Looking for new wrap ideas? The collard greens used as the wrap for this recipe add a ton of nutrients to your meal!
Yield: 6 wraps
6 collard green leaves
3 cups Instant Pot BBQ Pulled Pork
3 cups Honey Dijon Coleslaw
Paleo Homemade BBQ Sauce, to taste
- Prepare Instant Pot BBQ Pulled Pork: see recipe.

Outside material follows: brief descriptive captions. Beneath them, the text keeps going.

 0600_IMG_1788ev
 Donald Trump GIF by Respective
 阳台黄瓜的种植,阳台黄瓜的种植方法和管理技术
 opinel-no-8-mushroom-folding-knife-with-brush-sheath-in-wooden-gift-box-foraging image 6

- Prepare HoneyDijon Coleslaw: see recipe.
- Blanch collard greens:
- Fill a medium/large pot with water and heat to a boil. Reduce the heat to a simmer. While the water is heating, cut the large stems off the bottom of each leaf. Then lay the leaves flat so that the thick stem is facing upwards. Use a small paring knife to cut the stem so that it is about the thickness of the rest of the leaf.

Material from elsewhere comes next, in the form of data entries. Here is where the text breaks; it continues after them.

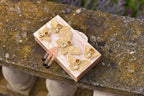 The Creme Butterfly Clutch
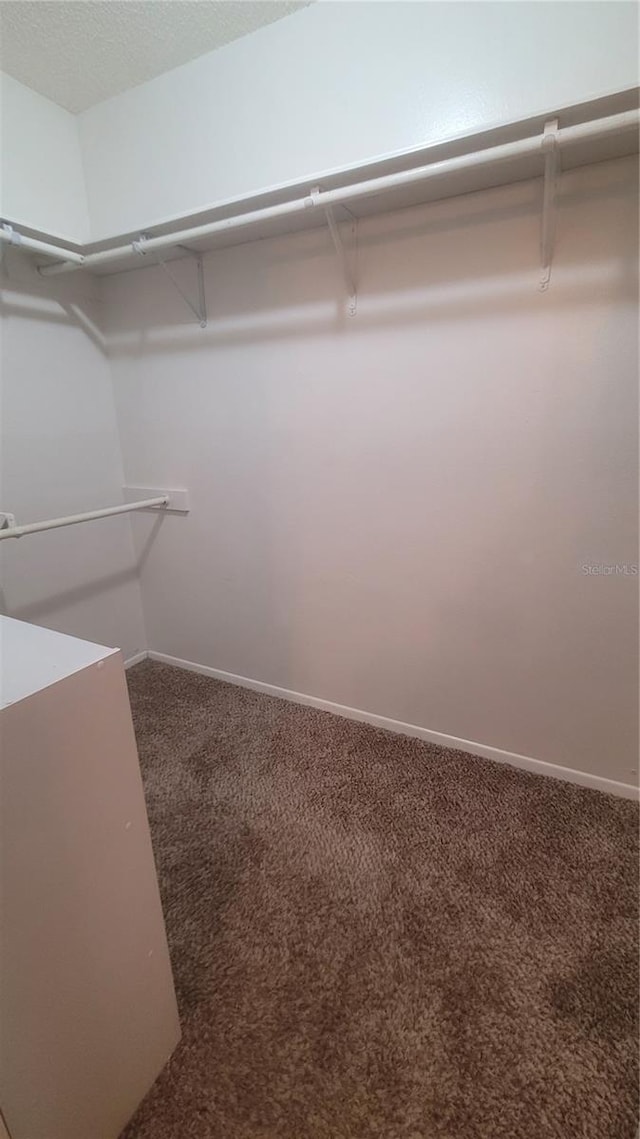 15005 Redcliff Dr, Tampa, FL 33625 - photo 21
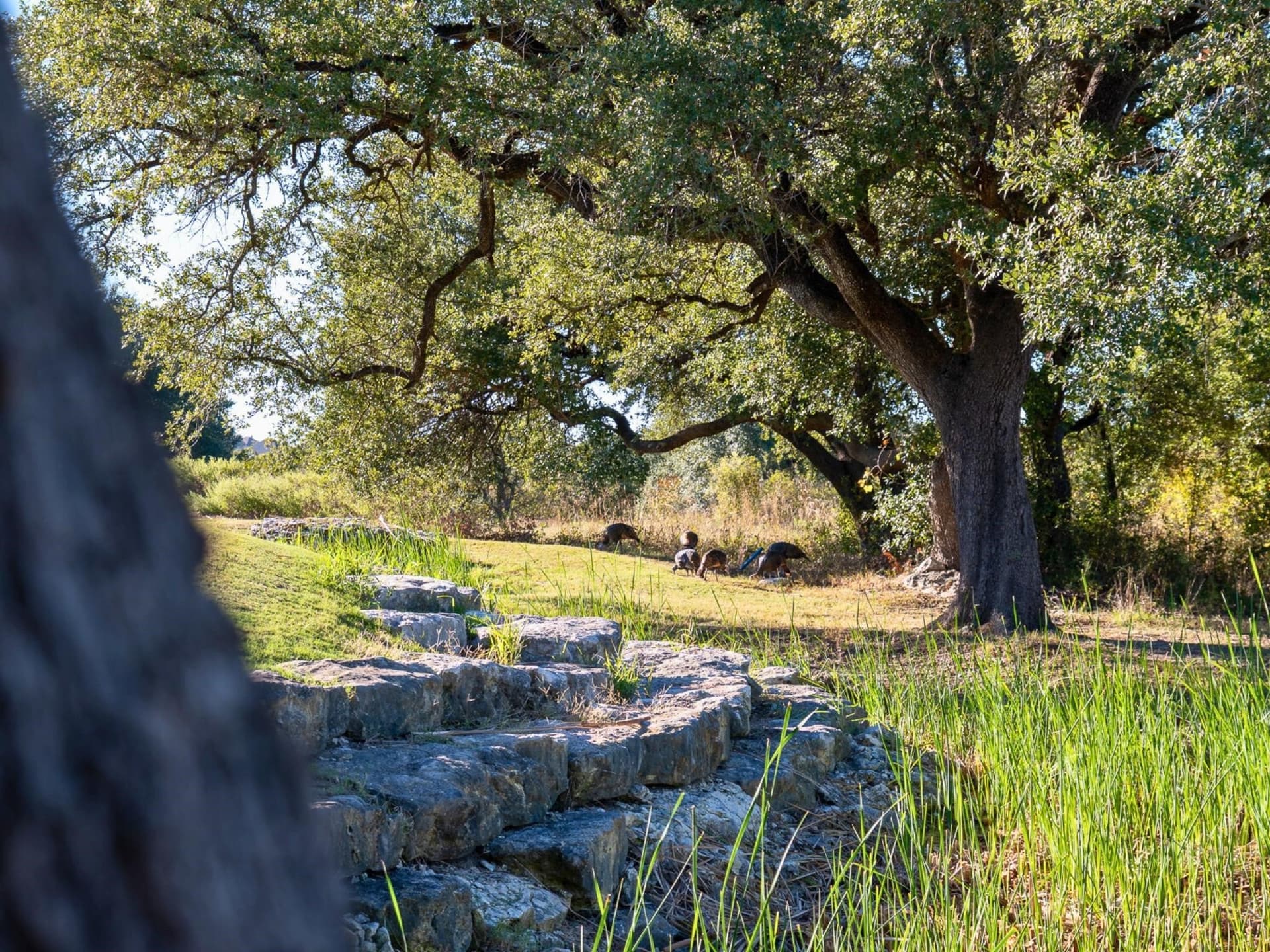 0.3 acres in Johnson County - photo 12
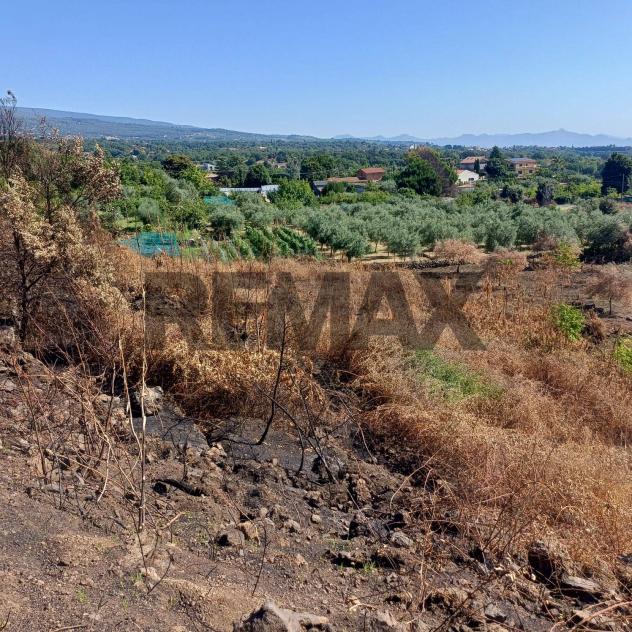 Terreno in vendita a Zafferana Etnea, Pisano - Foto 17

- Fill a medium bowl with ice and water. Line a dinner plate with a towel.
- Use tongs to lower one leaf into the water and let it simmer for about 30-60 seconds. Beyond 60 seconds you run the risk of tearing the leaf when you wrap the filling into the leaf.

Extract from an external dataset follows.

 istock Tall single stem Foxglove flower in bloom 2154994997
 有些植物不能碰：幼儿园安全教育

- Remove the leaf from the boiling water and immediately place it in the ice water for about 10 seconds. Place the leaf on the plate with the towel to dry. You can lightly use the towel to pat the excess water off the leaf.
- Assemble the wrap:
- Lay a collard green leaf flat. Place ½ cup of Instant Pot BBQ Pulled Pork and ½ cup of Honey Dijon Coleslaw in the center of the leaf. Top with desired amount of Paleo Homemade BBQ Sauce. Fold the edge with the stem over the filling. Fold the two sides adjacent to that over the filling, and roll the whole thing until the last edge is sticking to the wrap.